Un
viejo peregrino cansado de recorrer el mundo llegó una noche a la ciudad. Venía
de muy lejos, traía el cuerpo fatigado y una tristeza inconsolable lo inundaba
como una ola de hiel. Sus ojos gastados reflejaban la huella del tiempo, le
flaqueaban las fuerzas y ya presentía concluida su misión. Había visitado
países de anchos ríos e inmensas sabanas, atravesado desiertos de arenas
blancas, navegado mares de aguas turbias y oscuras. Había conocido la alegría y
la derrota, la decepción y la esperanza y llegado era el momento de marchar.
Paseó
con nostalgia la mirada entre el bullicio de una plaza donde, en pequeños
corrillos, reía y brindaba gente vestida de
fiesta. Recostó en la escalinata de una iglesia su figura encorvada y allí,
al amparo de las sombras, se detuvo un instante a contemplar el alboroto.

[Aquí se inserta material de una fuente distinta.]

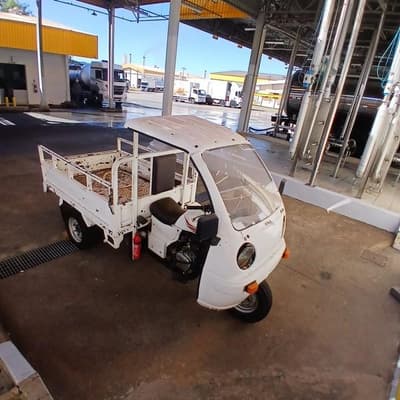 MOTOCAR MCA200, 2015/2015, Placa FINAL 8 (GO), — foto do lote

También él una vez sintió latir la ilusión en su alma, también soñó quimeras y
utopías, también quiso alumbrar, una noche como aquella, un mundo nuevo pero...
fracasó en su empeño. Nada, salvo esperar, podía hacer ahora. Sus minutos se
agotaban veloces, la arena de su reloj −tictac, tictac− caía sin tregua y
desbordado de amargura sentía el corazón. Tanta energía desperdiciada, tantas
vidas y dichas tiradas por la borda, tantas angustias y esfuerzos inútiles,
tanto olvido, tantas ambiciones desmedidas, tantas traiciones, debilidades,
hipocresías, aflicciones, tantas promesas rotas, tantas esperanzas defraudadas.
Y de tanta y tan cruel indiferencia frente a esto había sido él testigo...
El
carrillón de la catedral comenzó a sonar a lo lejos y lo trajo de vuelta a la
realidad. Medianoche. Se puso en pie con un suspiro y cerró los ojos. Estaba
listo. Su tarea se había cumplido. «¡Feliz Año Nuevo!», «¡Feliz Año Nuevo!», escuchó
gritar entre risas a algún ingenuo transeúnte. «Buena suerte, hermano», murmuró
el viajero. Y mientras la última campanada aún resonaba en el aire, detenida
una lágrima en sus ojos cansados, entre los engranajes del tiempo y la bruma del
olvido, el viejo año en humo se deshizo.